Forward-Looking Factors

Forward-Looking Statements

In addition to current and historical information, this Quarterly Report on Form 10-Q, including Management’s Discussion and Analysis of Financial Condition and Results of Operations, contains forward-looking statements regarding future events and our future results that are based on management’s current expectations, estimates, forecast and projections about the industries in which we operate and the beliefs and assumptions of our management. All statements, other than statements of historical facts, are statements that could be deemed forward-looking statements. These include statements about our strategy for growth, product development, market position, subscriptions and expected expenditures and financial results. Forward-looking statements may be identified by words like “expects,” “anticipates,” “plans,” “intends,” “projects,” “should,” “indicates,” “continues,” “ASV,” “believes,” “estimates,” “may” and similar expressions. In addition, any statements that refer to projections of our future financial performance, our anticipated growth, trends in our business and other characterizations of future events or circumstances are forward-looking statements. Readers are cautioned that these forward-looking statements are only predictions and not guarantees of future performance and involve a number of risks, uncertainties and assumptions. Therefore, actual results may differ materially from what is expressed or forecasted in such forward-looking statements. We will publicly update forward-looking statements as a result of new information or future events in accordance with applicable Securities and Exchange Commission regulations.

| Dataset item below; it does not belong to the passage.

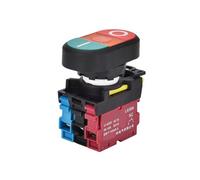 ICXLPMC Emergency Stop Switch Double Push 22mm Double Button Two-Position Reset Button Switch with LED Egg Push 12V24V220V AC ON/off Start Stop 1 No 1NC LA36M 220V(Flat-o,1NO1NC)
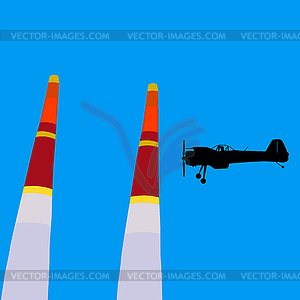 Aerobatic aircraft performs aerobatics against sky - vector image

We intend that all forward-looking statements we make will be subject to safe harbor protection of the federal securities laws as found in Section 27A of the Securities Act of 1933 and Section 21E of the Securities Exchange Act of 1934.

These statements involve certain known and unknown risks and uncertainties that could cause our actual results to differ materially from those expressed or implied in our forward-looking statements. Such risks and uncertainties include, among others, those listed below. We do not intend and are under no obligation to update any of our forward-looking statements after the date of this Quarterly Report to reflect actual results or future events or circumstances.

Risk Factors

Set forth below and elsewhere in this report and in other documents we file with the SEC are risks and uncertainties that could cause actual results to differ materially from the results contemplated by the forward-looking statements contained in this report. Investors should carefully consider the risks described below before making an investment decision. Additional risks we are not presently aware of or that we currently believe are immaterial may also impair our business operations. Our business could be harmed by any of these risks. In assessing these risks, investors should also refer to the other information contained or incorporated by reference in this Quarterly Report on Form 10-Q filed with the SEC, including the Company’s consolidated financial statements and related notes thereto.

Our operating results are subject to quarterly and annual fluctuations as a result of numerous factors. As a consequence, operating results for a particular future period are difficult to predict and, therefore, prior results are not necessarily indicative of results to be expected in future periods. Any of the following factors, or any other factors discussed elsewhere herein, could have a material adverse effect on our business, results of operations, and financial condition that could adversely affect our stock price.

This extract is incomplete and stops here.